I stopped dead in my tracks holding two 5-gallon buckets of feed.
About a half mile west of where I was standing, clear as day, was a UFO.
It was nearly just like they depicted in all of the old 1950s movies and artwork. A large, flatted oval, silverish in color, and resting atop a grassy knoll in the pasture where our cattle herd was currently grazing.
I was truly dumbfounded.
Then reality came crashing back to me and I decided that although the object appeared to be an archetypal unidentified flying object, there was surely a more rational explanation. My mind shifted quickly from aliens to human intruders. Was is an Airstream trailer? An aluminum livestock trailer?
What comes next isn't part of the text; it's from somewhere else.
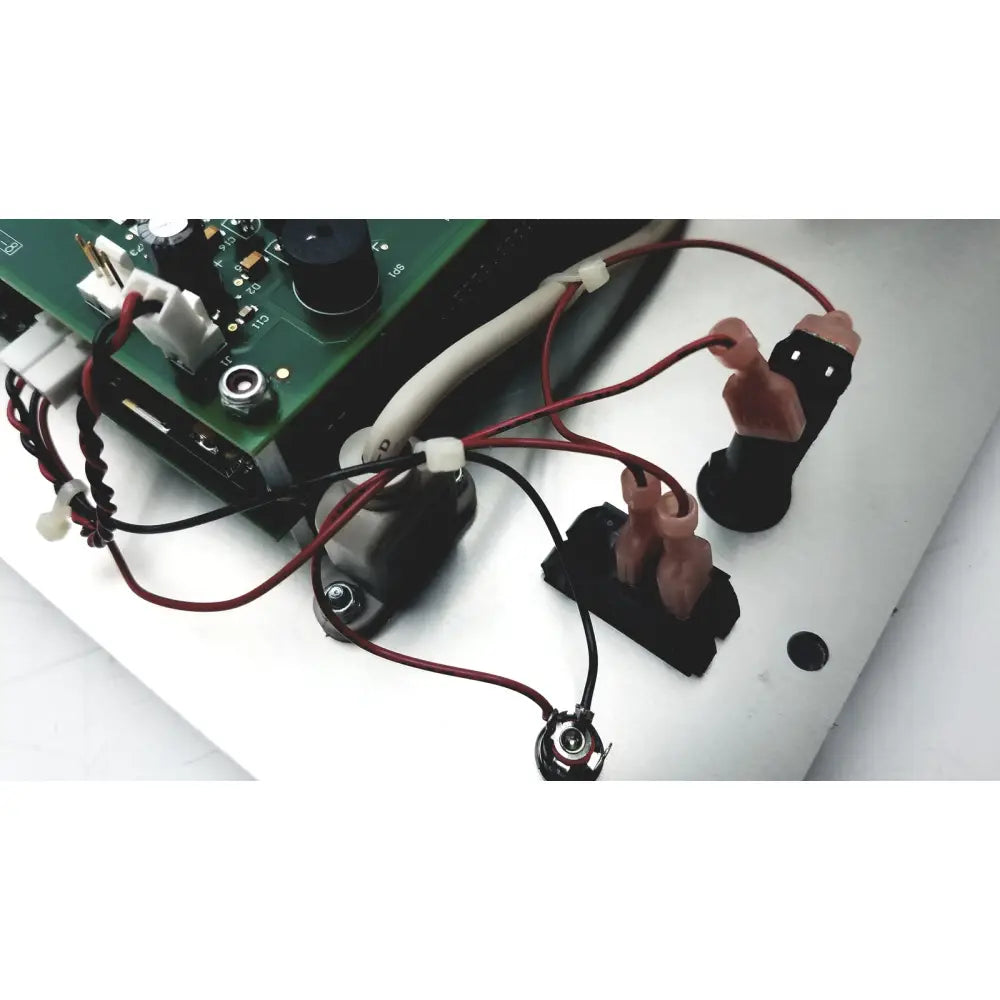 Black plastic connectors with pink silicone grips attached to red and black wires for covidien genius 2 checker calibrator test meters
Was someone out there rustling up my cattle?!?
I hopped in our beat-up UTV and floored the gas pedal, heading westward as fast as the rough terrain would allow.
As the distance shortened from a half mile to 2000 feet, then 1500 feet, I could tell the large object was clearly not a trailer. There were no wheels, there was no truck attached. It was simply a large oval perched on the hill, now looking more translucent than silver. Once I was an eighth of a mile away I finally realized what it was.
It was a cold morning, and the sun was shining nearly horizontal across the pasture from low in the eastern sky.
What looked like a 20 foot wide, 6 foot tall flying saucer from a distance, was now clearly identifiable for what it really was: an arching spray of water from the water pipe that supply our cattle stock tanks. Frost came late this past fall, and on that particularly paranormal morning it had finally dropped into the low twenties, resulting in a burst pipe.
Because of the angle of the sun, and the force of 60 psi water spraying from a fractured ball valve, the water sprayed in a perfect arch, reaching 20 feet, and dissipating a fine mist of water downward, making the inner area of the spray pattern appear a translucent silver.
I was relieved that there weren’t outlaws rustling up cattle, and relieved that I wasn’t about to be beamed up into a martian spaceship. But also a little disappointed in myself for not having foreseen the potential for pipes to freeze.
The penance for this oversight? Having to fix the pipe out in the cold, wet grass as a herd of curious cows watched in bemusement.